4. Determine Order Accuracy Metrics. As with inventory accuracy, do you know your current order accuracy on an on-going basis? The cost of a mis-picked order can be high and automated solutions can significantly reduce these errors. Be sure to factually know the percent of mis-picks and the cost of a picking error to calculate the warehouse automation ROI.
5. Changes in Headcount. The focus is often just on the decreases in headcount. Be sure to understand what increases in headcount are required. With certain automated solutions, there is additional staffing or skills that must be considered. The headcount is around two main areas: IT staff to manage the new system and required systems integrations to the WMS.

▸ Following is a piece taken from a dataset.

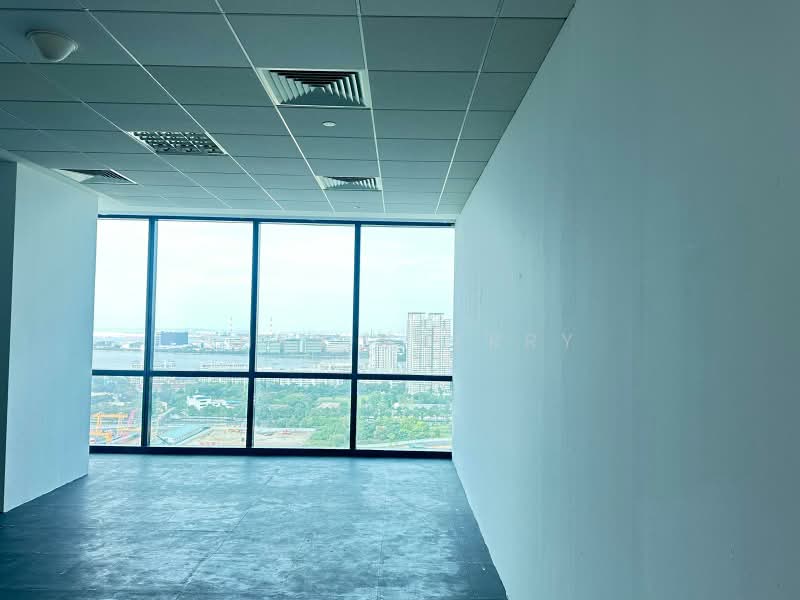 Vision Exchange, 2 Venture Drive, 1,550 sqft, Office For Rent, by Shen Sherry, 500226660 - View - CommercialGuru.com.sg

Additionally, are there automation maintenance techs required to keep the solution running optimally. These increases in headcount and wage rates are not always presented during the sales process.
6. Use Fully Loaded Labor Costs. Within a distribution center, the picking process is often one area with the greatest savings. Various automation technologies can increase the pick rate by three to four times the current rate. It is important to not just consider your base pay rates for labor.
Look at the fully loaded labor costs (i.e., wage rates, recruitment and hiring costs, benefit costs). Warehouse automation will certainly reduce the training costs, as well as the amount of time to have a worker reach maximum productivity.
7. Realistic ROI Timeframe. When considering the warehouse automation ROI timeframe, it is better to have the vendor state the typical timeframe to recoup the investment. From here you can evaluate how realistic the timeframe is given your processes, IT, automation needs and goals. Remember that only three things that can change the ROI.
These are the total cost of the system including your internal costs; the savings to be gained in future time periods; and the time to recoup the savings. If you do not know your current baselines, be wary of a salesperson that makes an ROI fit your timeline by simply overstating the expected savings. Especially without them knowing your business.
These are seven critical Assessment elements to prepare an accurate warehouse automation ROI.
Warehouse Automation ROI - Using an Assessment to Calculate ROI
As previously discussed, a warehouse automation assessment is the most complete way to truly understand the following:
- Processes and operations to automate. An Assessment will objectively help you to determine which functions should be automated and can gain a favorable ROI. Our assessments help educate clients on the warehouse automation market also.
- Automation versus conventional process. An Assessment will provide an objective understanding of how proposed technologies can improve the operations long term versus remaining as a traditional warehouse with conventional processes. This process considers the changes in SKU assortment, changes in sales channels your business plan, and changes in your supply chain.
- Technology deployment and your business plan. An understanding of which technologies were evaluated but were determined to not be good options based on your goals and needs. Salesmen can only propose specific solutions for companies they represent. Our automation assessment considers all technologies available for application in the distribution industry. These assessments assist to prove out all reasonable technologies and educate clients on all aspects.
- Cost/Benefit objectives determined. An objective review of your current costs and potential savings based on improvements that could be made by implementing automation. Our process includes an in-depth review of the fully loaded labor costs, storage costs, as well as inventory and order accuracy costs.
A Warehouse Automation Assessment is a structured methodology to evaluate your current operation, growth plans and business goals and to determine which processes will have a favorable ROI. It is critical to the due diligence process for any automation project before investing in automation.